At the moment the EC Commission can bring enforcement proceedings in the European Court of Justice against a government that it feels is not complying with the law. Post-Brexit that ability to hold government to account will fall away.
In a recent article, Environmental Accountability after Brexit, Maria Lee, a professor at University College London, says:
‘We need a new independent, expert and adequately resourced body to replace the EU’s role in scrutinising and enforcing government performance in environmental matters. It needs to be able to report publicly, and to parliaments and assemblies, on government’s statutory obligations to plan and report on environmental compliance; to compel ministerial responses; to undertake investigations in response to complaints or of its own motion; to demand remedial action; and to bring judicial review actions against government where appropriate.’
This has been recognised by the government. In evidence to Parliament’s environmental audit committee, Michael Gove, the secretary of state for Defra said:
‘The case had been well made that unless you have some means of holding governments and other public bodies to account there is always the danger that environmental damage can be generated or inflicted without an appropriate means of ensuring that, in the broadest sense, justice can be done. When those who are careless about environmental protection or enhancement generate that damage, unless there is some check on the way in which government or public bodies might operate, we do not get the environmental protection we should.’
He added that the government would consult on what type of body should replace the role that the Commission and the Court have played. He was asked about whether there should be one such body for the UK or one for each of the devolved administrations in England, Northern Ireland, Scotland and Wales but thought it a little early to say.

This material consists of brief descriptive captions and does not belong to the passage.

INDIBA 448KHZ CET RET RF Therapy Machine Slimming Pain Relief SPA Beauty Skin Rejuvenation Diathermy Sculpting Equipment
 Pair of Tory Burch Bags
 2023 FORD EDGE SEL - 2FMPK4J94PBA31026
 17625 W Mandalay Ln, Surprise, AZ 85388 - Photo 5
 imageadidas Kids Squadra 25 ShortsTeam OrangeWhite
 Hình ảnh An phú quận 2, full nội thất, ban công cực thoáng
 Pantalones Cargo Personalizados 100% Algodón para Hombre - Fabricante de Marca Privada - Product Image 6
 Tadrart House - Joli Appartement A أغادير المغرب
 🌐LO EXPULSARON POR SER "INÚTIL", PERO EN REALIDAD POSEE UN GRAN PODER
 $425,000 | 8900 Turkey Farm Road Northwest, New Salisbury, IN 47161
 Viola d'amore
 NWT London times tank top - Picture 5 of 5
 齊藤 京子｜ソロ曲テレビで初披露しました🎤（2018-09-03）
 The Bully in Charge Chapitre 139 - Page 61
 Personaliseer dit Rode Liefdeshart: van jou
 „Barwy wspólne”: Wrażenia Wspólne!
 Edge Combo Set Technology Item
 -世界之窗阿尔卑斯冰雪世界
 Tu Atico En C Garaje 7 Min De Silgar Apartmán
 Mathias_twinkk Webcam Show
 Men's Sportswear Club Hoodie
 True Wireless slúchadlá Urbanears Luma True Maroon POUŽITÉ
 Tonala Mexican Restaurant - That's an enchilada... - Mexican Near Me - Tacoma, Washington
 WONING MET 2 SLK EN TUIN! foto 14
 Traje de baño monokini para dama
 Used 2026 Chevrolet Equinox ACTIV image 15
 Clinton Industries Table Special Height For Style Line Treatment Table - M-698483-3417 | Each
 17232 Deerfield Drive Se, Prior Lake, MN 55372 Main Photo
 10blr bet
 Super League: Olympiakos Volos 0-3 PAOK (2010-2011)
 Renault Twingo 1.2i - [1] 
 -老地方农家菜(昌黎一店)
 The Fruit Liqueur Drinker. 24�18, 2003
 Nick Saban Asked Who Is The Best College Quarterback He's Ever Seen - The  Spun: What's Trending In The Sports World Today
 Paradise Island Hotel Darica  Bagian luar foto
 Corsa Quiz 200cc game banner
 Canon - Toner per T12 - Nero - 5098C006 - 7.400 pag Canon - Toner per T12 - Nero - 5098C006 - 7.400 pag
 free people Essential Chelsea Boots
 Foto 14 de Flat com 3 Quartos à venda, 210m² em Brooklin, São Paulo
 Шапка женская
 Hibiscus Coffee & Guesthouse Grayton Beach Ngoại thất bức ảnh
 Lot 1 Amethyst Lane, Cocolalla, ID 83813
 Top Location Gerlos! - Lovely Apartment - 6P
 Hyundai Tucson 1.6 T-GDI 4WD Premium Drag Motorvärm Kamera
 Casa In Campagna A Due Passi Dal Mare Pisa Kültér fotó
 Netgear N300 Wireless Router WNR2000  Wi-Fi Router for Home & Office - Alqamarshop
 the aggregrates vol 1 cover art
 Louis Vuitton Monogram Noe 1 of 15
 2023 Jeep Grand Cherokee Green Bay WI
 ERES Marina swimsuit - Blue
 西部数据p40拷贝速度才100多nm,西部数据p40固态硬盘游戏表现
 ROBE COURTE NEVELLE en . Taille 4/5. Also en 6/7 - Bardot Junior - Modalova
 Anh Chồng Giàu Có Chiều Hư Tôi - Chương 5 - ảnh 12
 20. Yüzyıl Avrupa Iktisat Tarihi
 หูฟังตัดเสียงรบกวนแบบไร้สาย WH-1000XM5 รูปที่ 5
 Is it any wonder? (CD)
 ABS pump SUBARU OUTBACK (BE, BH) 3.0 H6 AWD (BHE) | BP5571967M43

Lawyers are likely to focus on the remedy the body is suggested to have – judicial review. There are difficulties with judicial review in that the court has to give leave, there are fixed timescales in which to bring an action and it is quite costly.
An alternative for the new environmental body might be found in Article 258 of the European Treaty which says:
‘If the Commission considers that a Member State has failed to fulfil an obligation under this Treaty, it shall deliver a reasoned opinion on the matter after giving the State concerned the opportunity to submit its observations. If the State concerned does not comply with the opinion within the period laid down by the Commission, the latter may bring the matter before the Court of Justice.’
A version of this to fit in with domestic law would be far better for the new environmental body than judicial review. Firstly, the body sets out its view in a reasoned opinion. The government has time to respond but that time should be within a set limit. If the government does not accept the body’s opinion and the body feels that the law is not being complied with it can bring its action.
Secondly, the body would not need the court’s permission to bring an action. It would simply start one.
Thirdly, the body may be entitled to restrict the costs of any action under the principles contained in the Aarhus Treaty. The UK will still be a party to that Treaty after Brexit.
The court could impose a fine on the government for breaking the law. The fine should be used, under the body’s direction, to fund environmental projects.
None of this will alter the rights of an individual or non-governmental organisation under the current rules. They can make a complaint to the body saying that the government is breaking environmental protection law. The body may disagree and decline to take action.
However, the right of the individual or NGO to bring their own judicial review – either against the body or the government – would still remain.